# recurve tiller question



## minnie3 (Jul 28, 2009)

my friend shoots 3d unsighted recurve .a hoyt eclpse with some 30# vector limbs , before this, he shot a gamemaster which had no tiller adjustment. he's unsure of how a 3 under shooter's 
tiller setting would be different from a split finger shooters tiller. how should he set the tiller? any replies appreciated. thanks.


----------



## teammemphis (Jan 6, 2010)

I am not for sure but I would have to say that the tiller should be around 1/2" Maybe someone else can help but that would be a good starting point.


----------



## Viper1 (Aug 21, 2003)

minnie - 

Tiller is typically 0/0 to 1/4" lower limb positive (shorter), and the factory default should be within that range.
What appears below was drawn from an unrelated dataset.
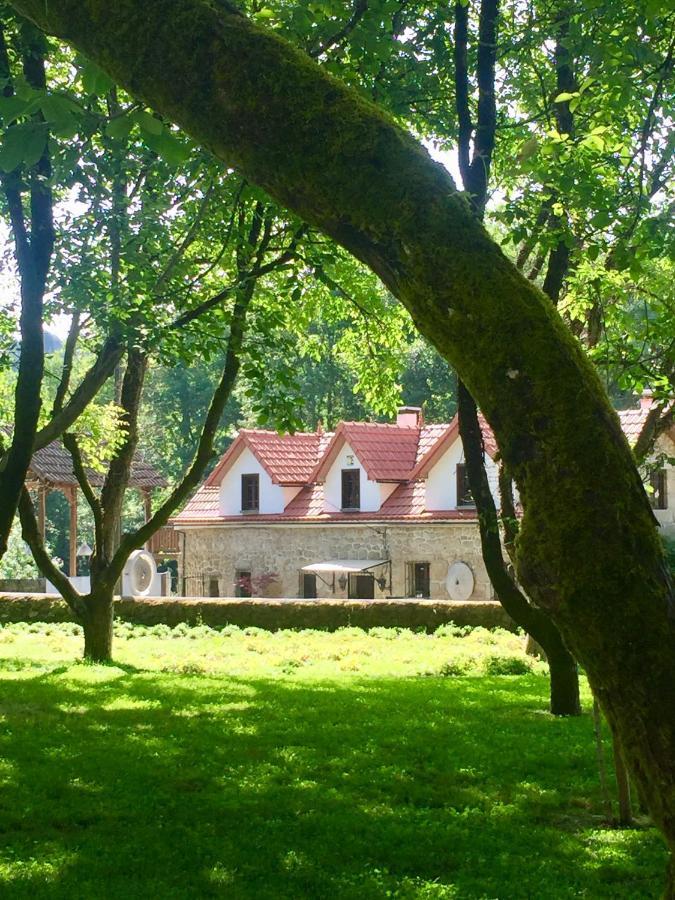 Casa Dos Moinhos Do Chao Do Mosteiro Hotell São Pedro do Sul Eksteriør bilde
Unless he feels the bow "pulling" up or down during the draw, leave it alone.

Viper1 out.


----------



## teammemphis (Jan 6, 2010)

Viper1 said:


> minnie -
> 
> Tiller is typically 0/0 to 1/4" lower limb positive (shorter), and the factory default should be within that range. Unless he feels the bow "pulling" up or down during the draw, leave it alone.
> 
> Viper1 out.


I agree with this if he was shooting with one finger over and two under bet he said he was shooting all 3 under. so the tiller should be more like 3/8 to 1/2.


----------



## Viper1 (Aug 21, 2003)

tm - 

Nope. The difference in tiller, especially on a bow as long as the OP's, can be within the specs I quoted and the tuning be accomplished by small changes in nocking point placement.

Viper1 out.


----------



## SBills (Jan 14, 2004)

Viper is right. I would start at 0. He might find that slightly negative (measurment larger on the lower limb) would work as well.


----------



## minnie3 (Jul 28, 2009)

thanks for the replies, keep them coming.

i'm a 3d unsighted compound finger shooter, as was dave until he discovered recurve via a gamemaster. we both shoot 3d, (unknown max. 30yards) and gap shoot using a high anchor. our club members are mostly sighted compound release shooters so there's little relevant information available to us locally.
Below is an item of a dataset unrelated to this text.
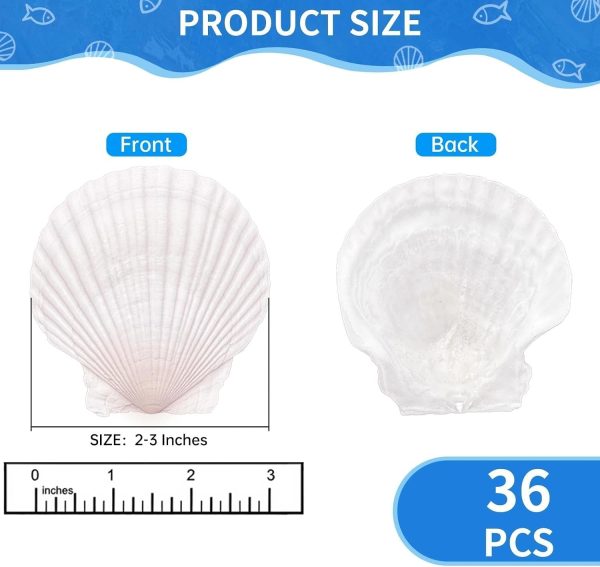 CT16060CT_2 36PCS Natural Scallop Shells for Crafts, 2-3 in White Seashells for Paint | For DIY, decorating, Painting, coastal decor, beach wedding and ocean-themed parties; smooth, flat surfaces arrive cleaned.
thanks again and happy shooting


----------



## FS560 (May 22, 2002)

It is necessary to experiment with your particular limb set, but for three under, less positive tiller is generally needed or maybe none.
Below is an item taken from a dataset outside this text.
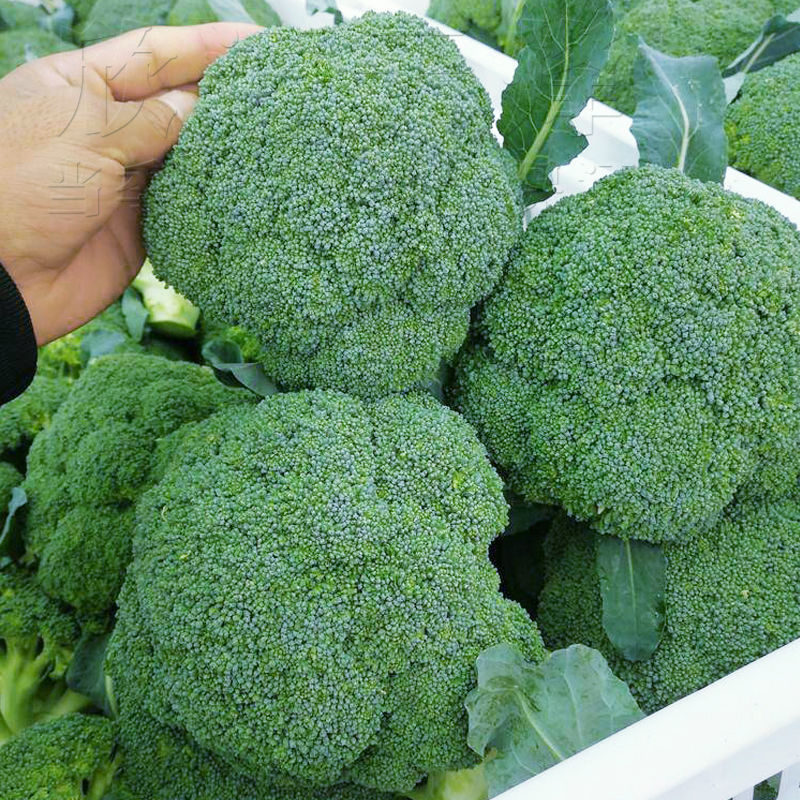 西兰花 相关京东优惠商品价格升序 价格图片品牌优惠券 虎窝购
For recurve, the need for positive tiller is because the bow is drawn above center and trying to pull the top limb tip farther. In reality, a slightly weaker spine limb will accomplish this quite nicely, however. But, sadly, limb pairs are not made that way.

Three fingers under the arrow causes the bow to be drawn closer to center, thereby not trying to draw the top limb tip as much farther than the bottom.

Therefore, no additional positive tiller may be necessary, or maybe zero tiller.

If stringwalking is planned so that the bow is drawn below center, zero positive tiller may be appropriate, depending on the spine relationship of the two limbs. Also, if one limb is a little weaker, it could go on the bottom along with zero tiller.


----------



## ArtV (Jan 29, 2008)

I've shot barebow (recurve) for years...always with a "0" tiller...meaning both top and bottom limb is tiller dead even. Low medium and hight wrist can alter this very slightly.


----------